**Exercise**:
Everything in the listing below from the line containing "Doctor from middle" through the line containing "Lindera subcoriacea image" must be repeated exactly; the remaining lines are not wanted.

**Material for this task**:
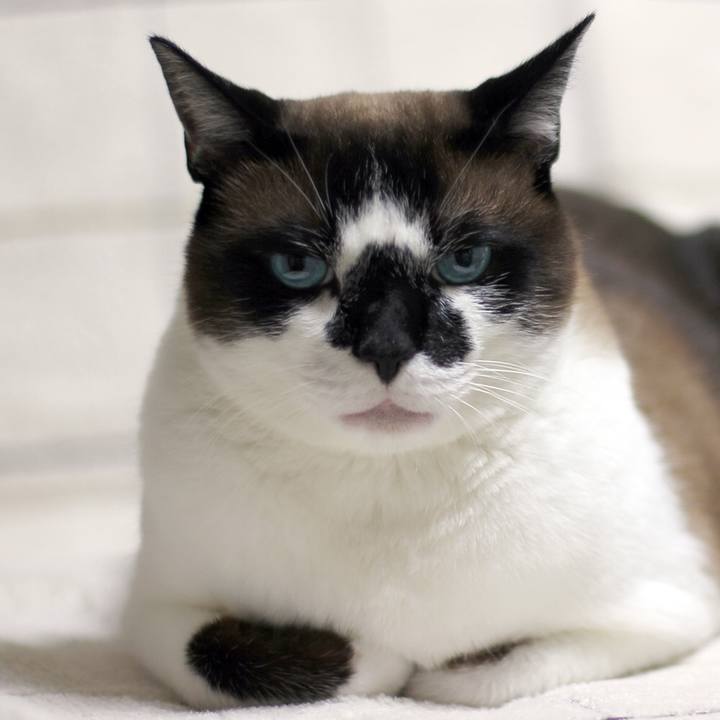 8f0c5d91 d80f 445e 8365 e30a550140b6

* * *

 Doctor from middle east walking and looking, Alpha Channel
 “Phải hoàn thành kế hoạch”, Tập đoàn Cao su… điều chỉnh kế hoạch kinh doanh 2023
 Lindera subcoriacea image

**Output for this exercise**:
 Doctor from middle east walking and looking, Alpha Channel
 “Phải hoàn thành kế hoạch”, Tập đoàn Cao su… điều chỉnh kế hoạch kinh doanh 2023
 Lindera subcoriacea image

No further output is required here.